For BigQuery, register a query_mode='materialized' table with a SQL body:

da admin register-table orders_90d \
    --source-type bigquery \
    --query-mode materialized \
    --query @docs/queries/orders_90d.sql \
    --schedule "every 6h"

The scheduler runs the query through the DuckDB BigQuery extension on each tick that's due, writes the result as a parquet, and the analyst picks it up on the next da sync.
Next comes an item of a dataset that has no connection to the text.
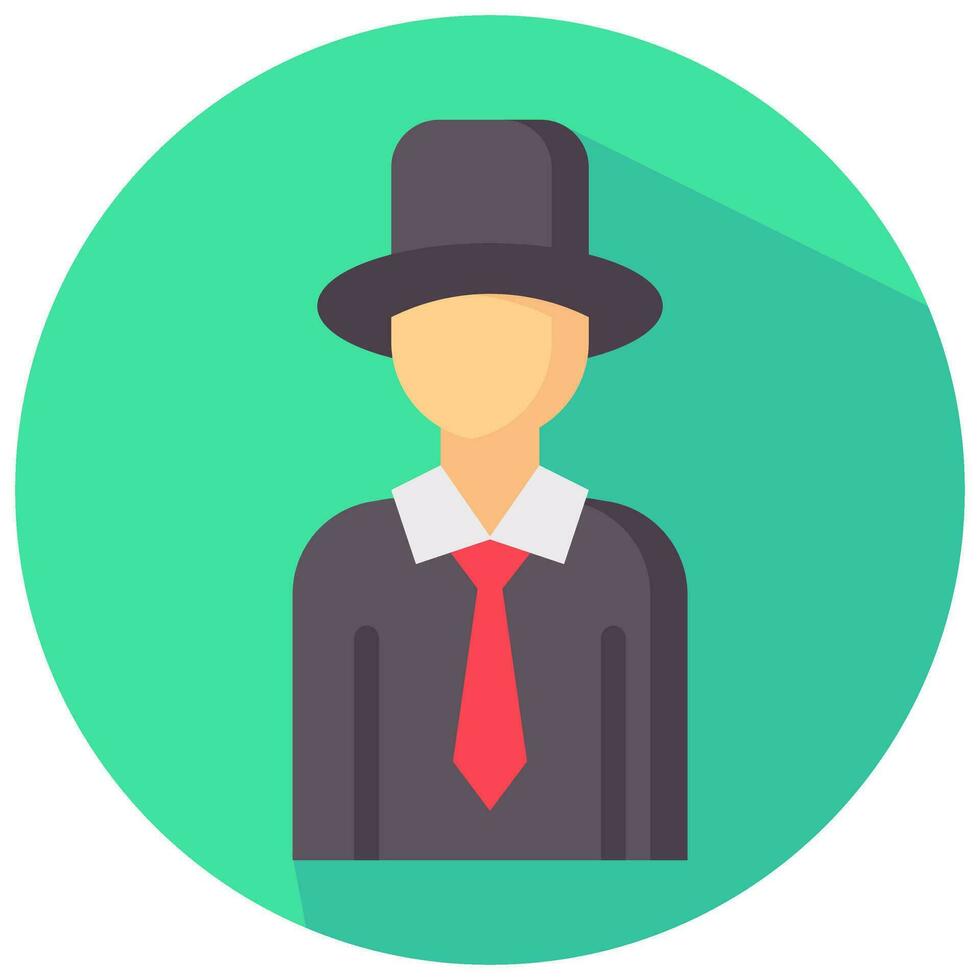 magician avatar vector round flat icon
Cost guardrail: data_source.bigquery.max_bytes_per_materialize (default 10 GiB) — operations exceeding the BQ dry-run estimate are skipped.

Development Setup

# Create and activate virtual environment
python3 -m venv .venv && source .venv/bin/activate

# Install dependencies
uv pip install ".[dev]"

# Run FastAPI locally with hot reload
uvicorn app.main:app --reload

# Run the test suite
pytest tests/ -v

Project Structure

├── src/                    # Core engine
│   ├── db.py               # DuckDB schema (system.duckdb, analytics.duckdb)
│   ├── orchestrator.py     # SyncOrchestrator — ATTACHes extract.duckdb files
│   ├── repositories/       # DuckDB-backed CRUD (sync_state, table_registry, users, etc.)
│   ├── profiler.py         # Data profiling
│   └── catalog_export.py   # OpenMetadata catalog export
├── app/                    # FastAPI application
│   ├── main.py             # App setup, router registration
│   ├── api/                # REST API (sync, data, catalog, admin, auth)
│   ├── auth/               # Auth providers (Google OAuth, email magic link, desktop JWT)
│   └── web/                # HTML dashboard routes
├── connectors/             # Data source connectors (extract.duckdb contract)
│   ├── keboola/            # Keboola: extractor.py (DuckDB extension) + client.py (fallback)
│   ├── bigquery/           # BigQuery: extractor.py (remote-only via DuckDB BQ extension)
│   └── jira/               # Jira: webhook + incremental parquet → extract.duckdb
├── cli/                    # CLI tool (`da sync`, `da query`, `da admin`)
├── services/               # Standalone services (scheduler, telegram_bot, ws_gateway, etc.)
├── scripts/                # Utility + migration scripts
├── config/                 # Configuration templates (instance.yaml.example)
├── docs/                   # Documentation + metric YAML definitions
└── tests/                  # Test suite (633 tests)

Configuration

File Purpose
config/instance.yaml Instance-specific settings: branding, data source type, auth provider, Google domain
.env Secrets and environment variables — never committed
system.duckdb table_registry table Table definitions managed via POST /api/admin/register-table (or PUT /api/admin/registry/{id} to update) or the web UI

Copy the example to get started:

cp config/instance.yaml.example config/instance.yaml

See config/instance.yaml.example for all available options.

Documentation

Contributing

  1. Fork the repository and create a feature branch.
  2. Run pytest tests/ -v to verify all tests pass before opening a pull request.
  3. Keep commits focused and messages concise.
  4. Open a pull request against main with a clear description of the change.

For bugs and feature requests, open a GitHub issue.

License

This project is licensed under the MIT License.